[SDC/Zephyr] GATT notify TX path wedges (no HCI 0x13 credits) → bt_l2cap_create_pdu_timeout() blocks. Any workaround to recover from deadlock without disconnect? (NCS v3.0.2)

On a BLE Peripheral NRF52840 built with nRF Connect SDK v3.0.2, high-rate GATT notifications sometimes push the stack into a state where no (HCI 0x13) events arrive for the active connection. After that, bt_gatt_notify_cb() callbacks stop, the app’s in-flight window never drains, the queue backs up, and eventually bt_l2cap_create_pdu_timeout() blocks in net_buf_alloc(). Stopping scanning, disabling vendor events, or waiting does not recover it. Only a reset (or disconnect) clears it.

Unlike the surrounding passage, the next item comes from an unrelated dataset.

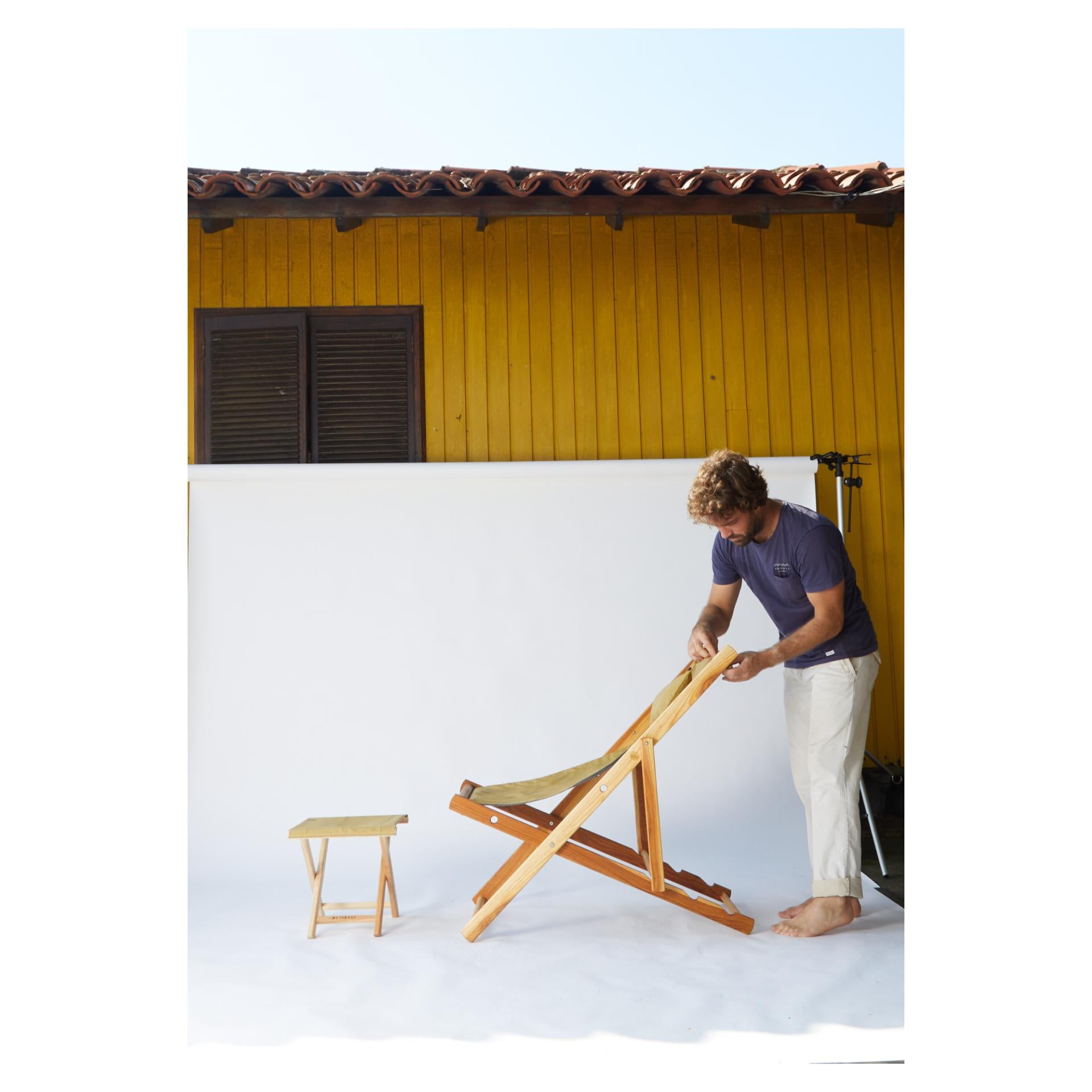Hardwood Gray 'Maria Farinha' Armchair - Brazilian design by André Bianco For Sale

I am aware of the known issues listed here https://docs.nordicsemi.com/bundle/ncs-latest/page/nrf/releases_and_maturity/known_issues.html. So what I am looking for is a safe workaround to reset the BLE stack without tearing down the user connection, ideally something host-side (e.g., controller/host re-init) that doesn’t require a full MCU reset. I am getting ready to release into my production, but I cannot get around this deadlock. And the most annoying thing is it can take several hours to reproduce. So far the only way I have to recover is to either let the WDT reset or I force a reset in software.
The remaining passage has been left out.